>>>>>

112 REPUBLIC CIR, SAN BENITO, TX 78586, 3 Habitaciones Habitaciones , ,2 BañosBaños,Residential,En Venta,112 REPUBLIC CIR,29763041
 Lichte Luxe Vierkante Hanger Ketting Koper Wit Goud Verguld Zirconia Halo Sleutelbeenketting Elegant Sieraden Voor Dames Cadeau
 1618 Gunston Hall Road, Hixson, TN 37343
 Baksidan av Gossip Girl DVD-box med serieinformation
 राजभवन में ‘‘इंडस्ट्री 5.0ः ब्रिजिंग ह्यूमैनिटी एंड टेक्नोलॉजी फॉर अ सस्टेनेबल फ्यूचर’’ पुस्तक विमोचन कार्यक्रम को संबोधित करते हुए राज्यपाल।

<<<<<

- **Exercise aim**
Copy out every line of the data above, exactly as given.

- **Exercise result**
112 REPUBLIC CIR, SAN BENITO, TX 78586, 3 Habitaciones Habitaciones , ,2 BañosBaños,Residential,En Venta,112 REPUBLIC CIR,29763041
 Lichte Luxe Vierkante Hanger Ketting Koper Wit Goud Verguld Zirconia Halo Sleutelbeenketting Elegant Sieraden Voor Dames Cadeau
 1618 Gunston Hall Road, Hixson, TN 37343
 Baksidan av Gossip Girl DVD-box med serieinformation
 राजभवन में ‘‘इंडस्ट्री 5.0ः ब्रिजिंग ह्यूमैनिटी एंड टेक्नोलॉजी फॉर अ सस्टेनेबल फ्यूचर’’ पुस्तक विमोचन कार्यक्रम को संबोधित करते हुए राज्यपाल।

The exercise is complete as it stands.